For Sushi (SUSHI), explicit lending yield mechanics in the provided context are not published. The snapshot shows no rates yet (rates: []) and a non-existent rate range (min: null, max: null), but it does indicate Sushi has a presence across 14 platforms (platformCount: 14) and an overall market-cap rank of 428. From these cues, we can summarize how yield is typically generated in practice, while noting the data limitations here: - Yield generation mechanisms: In practice, SUSHI can earn yield via DeFi lending protocols by supplying or staking tokens in lending pools where borrowers pay interest. Some protocols offer additional yield through liquidity mining or incentive programs paid in SUSHI or other tokens. Institutions could access lending markets via custodial or prime-brokerage arrangements, but the context does not specify such arrangements for Sushi. Rehypothecation risk is generally higher in centralized or semi-centralized lending contexts; the context does not provide details confirming rehypothecation for Sushi specifically. - Fixed vs. variable rates: The context does not provide fixed-rate data. In DeFi lending broadly, rates are typically variable and driven by supply-demand dynamics of each pool. Without rate data in the snapshot, we cannot assert fixed-rate terms for Sushi. - Compounding frequency: Protocol-level compounding is highly dependent on the specific platform used. In DeFi, interest accrues continuously per block or per second, often effectively compounding daily or per-24-hour periods, but the exact compounding frequency for Sushi would depend on the chosen lending protocol. Bottom line: the current data set lists 14 platforms and no rate data, so precise fixed/variable rate details and compounding frequency for Sushi cannot be confirmed here; the general expectation is variable rates from DeFi lending pools with protocol-dependent compounding.
What is the most notable unique aspect of Sushi's lending market in this dataset (such as a recent rate change, broader platform coverage across chains, or a market-specific insight) that differentiates it from other coins?
The most notable unique aspect of Sushi in this lending dataset is its breadth of platform coverage relative to its data signals, despite no published rate data in this snapshot.

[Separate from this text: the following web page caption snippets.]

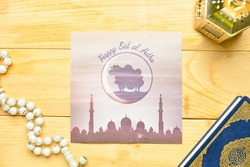 Greeting card for Eid al-Adha (Feast of the Sacrifice) with Quran, lamp and tasbih on wooden background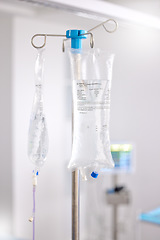 Image showing Hospital, healthcare and an iv drip for medicine in a ward for medical support, health or emergency. Surgery, room and equipment or a liquid or fluid bag in icu at a clinic for medication help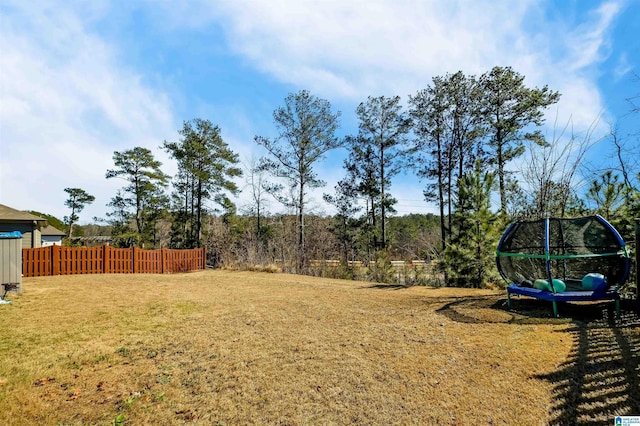 view of yard with a trampoline and fence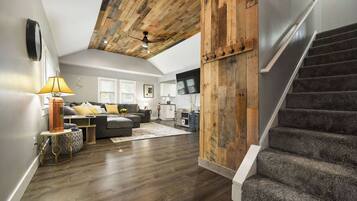 A spacious living area with a high ceiling, a staircase, and a kitchen in the background.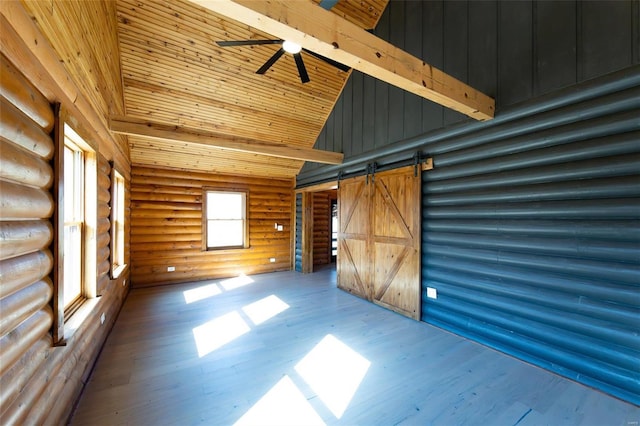 interior space with beamed ceiling, wood ceiling, a barn door, wood finished floors, and high vaulted ceiling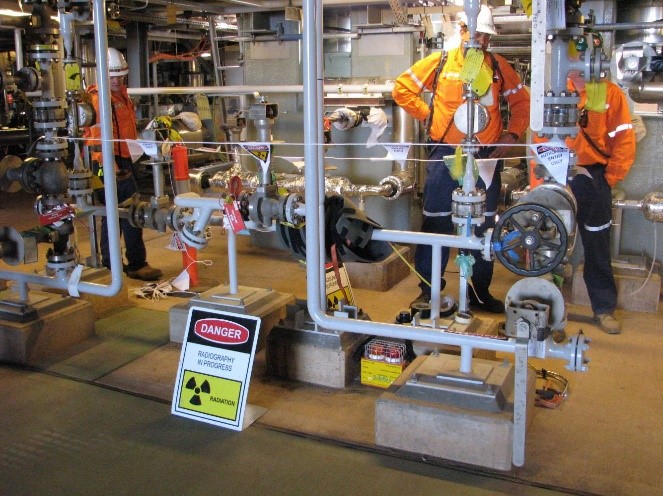 personnel-standing-close-to-SafeRad-radiography-system Personnel standing close to SafeRad radiography system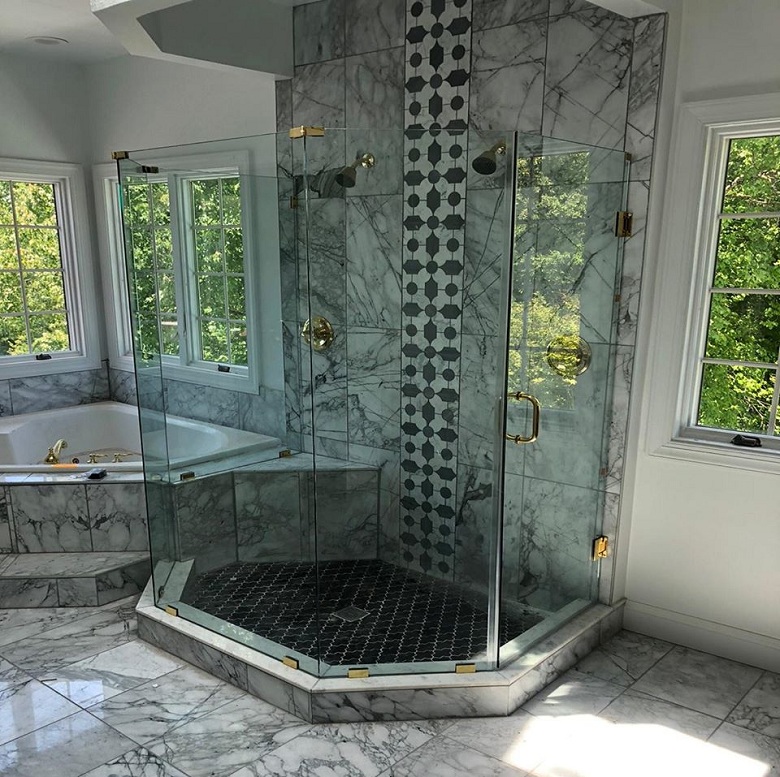 Frameless glass shower enclosures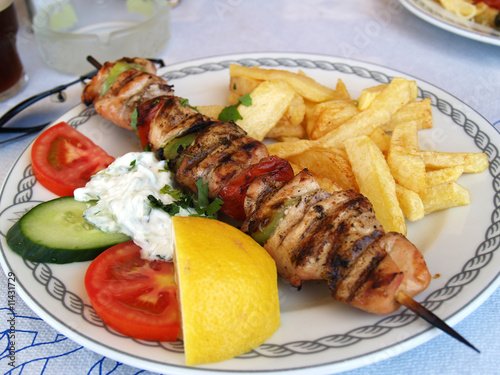 Plate with greek meal pork souvlaki in taverna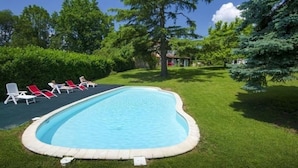 A swimming pool with a surrounding grassy area and red lounge chairs. - bed & Breakfast (Sonnac)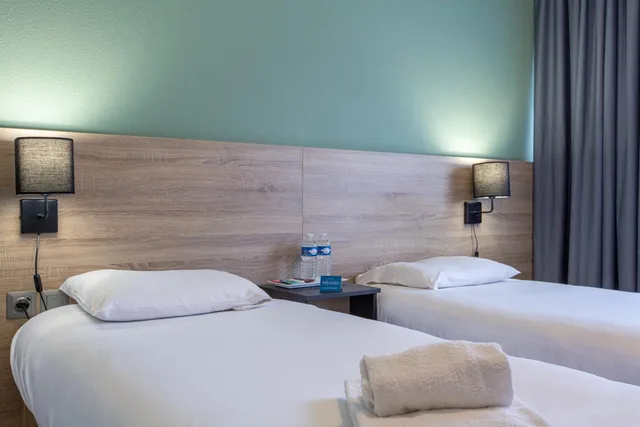 غرفة بسريرين منفصلين، Comfort Aparthotel Le Mans 3/6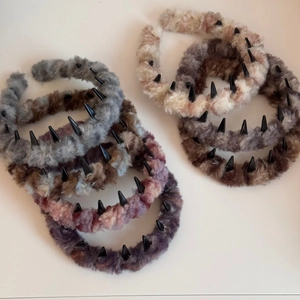 Detailed top view of assorted plush wave hairbands with anti-slip teeth in soft colors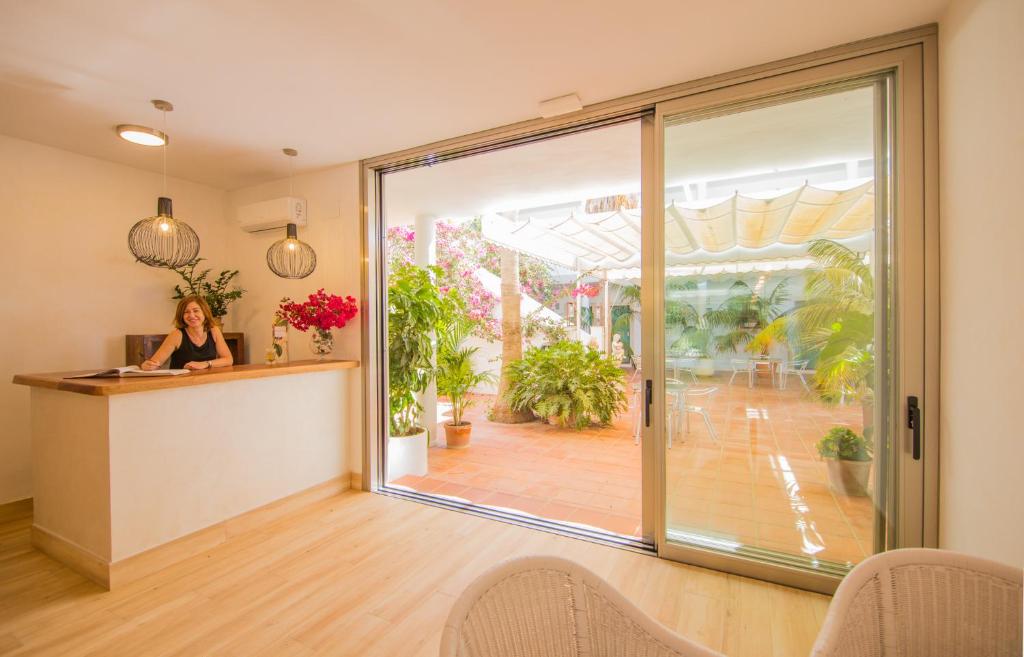 a woman sitting at a desk in front of a glass door at Fortuna in Los Caños de Meca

Specifically, Sushi shows a platformCount of 14, indicating lending activity across 14 platforms or chains, which points to a broad cross-chain lending footprint. This contrasts with the absence of rate information (rates: []) in the dataset, meaning there are no current rate figures available here to compare against peers. The combination suggests that Sushi’s lending market is more multi-chain oriented or widely integrated into various platforms than the data for other coins in this snapshot, where rate data might be present and more concrete. Additionally, the signals include price_down_24h, highlighting a near-term price softness that could influence borrowing/lending behavior, but the defining differentiator remains the extensive platform coverage rather than a rate level observed in this specific entry. In short, Sushi differentiates itself by its cross-chain lending footprint (14 platforms) in this dataset, rather than by a particular rate move, making its market structure stand out even when rate data is not provided.